How to catch it: Continuous evaluation. Not just monitoring for errors, but running regular checks on output quality against a fixed test set. This doesn't have to be expensive: 20 to 50 representative examples evaluated weekly is enough to catch significant regressions. When you see a score drop, you have a starting point for investigation. More on this in A Practical Guide to Evaluating Agents.

What to Actually Do About All This

You don't fix these one by one. You build the layer that catches them all.

You can't prevent every one of these failures by writing more careful code. Agents are probabilistic systems operating in a world full of edge cases. The goal isn't to eliminate failures; it's to catch them fast, understand what happened, and fix the systemic issue.

Three things to put in place, in this order:

Tracing. Every run should produce a complete trace of what the agent did. Every tool call, every decision, every intermediate output. Without this, debugging any of the above is guesswork. Start here. This is the foundation of everything else. See What is AgentOps for how observability fits into the broader picture.

Evals. Run a set of representative examples on a regular schedule and score the outputs. You're looking for regressions, unexpected behavior changes, and systematic failure patterns. Even a small eval set catches the silent quality drop (failure 12) and often surfaces others. This is the thing that teams skip and regret. See A Practical Guide to Evaluating Agents for how to build this without overbuilding it.

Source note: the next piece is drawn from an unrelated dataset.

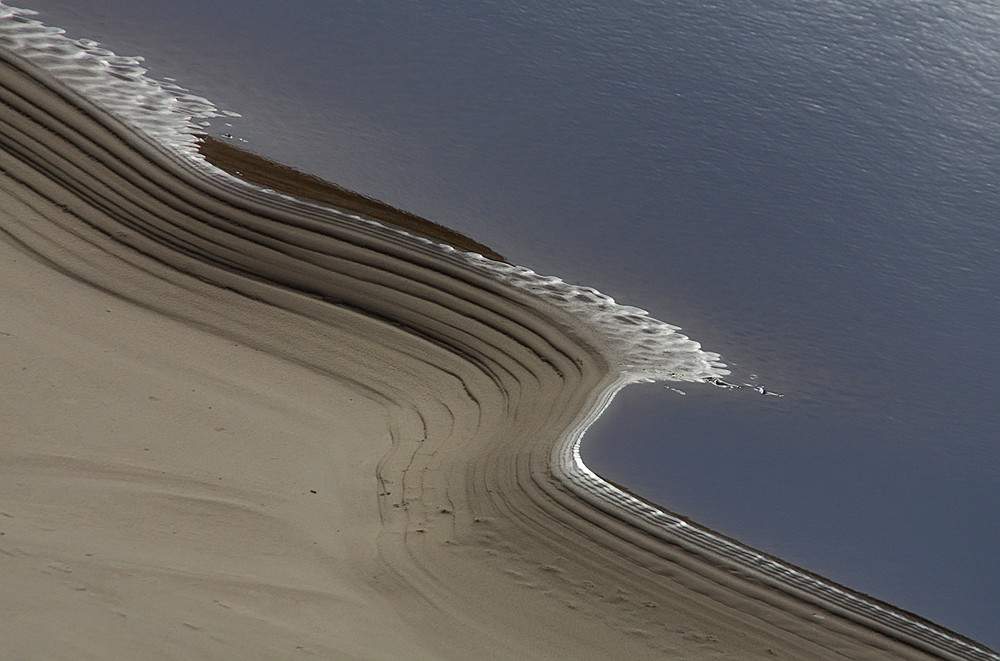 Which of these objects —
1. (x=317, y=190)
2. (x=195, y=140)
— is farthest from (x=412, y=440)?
(x=195, y=140)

Budgets. Set hard per-run limits on token spend and tool calls. This is a one-time config change that prevents the cost bomb (failure 4) and puts a natural ceiling on any runaway loop (failure 1). Do this before you have production traffic, not after your first incident.

That's the whole job of AgentOps in one paragraph. Trace what your agent does. Evaluate whether it did it well. Cap what it's allowed to spend getting there. Everything else builds on those three foundations.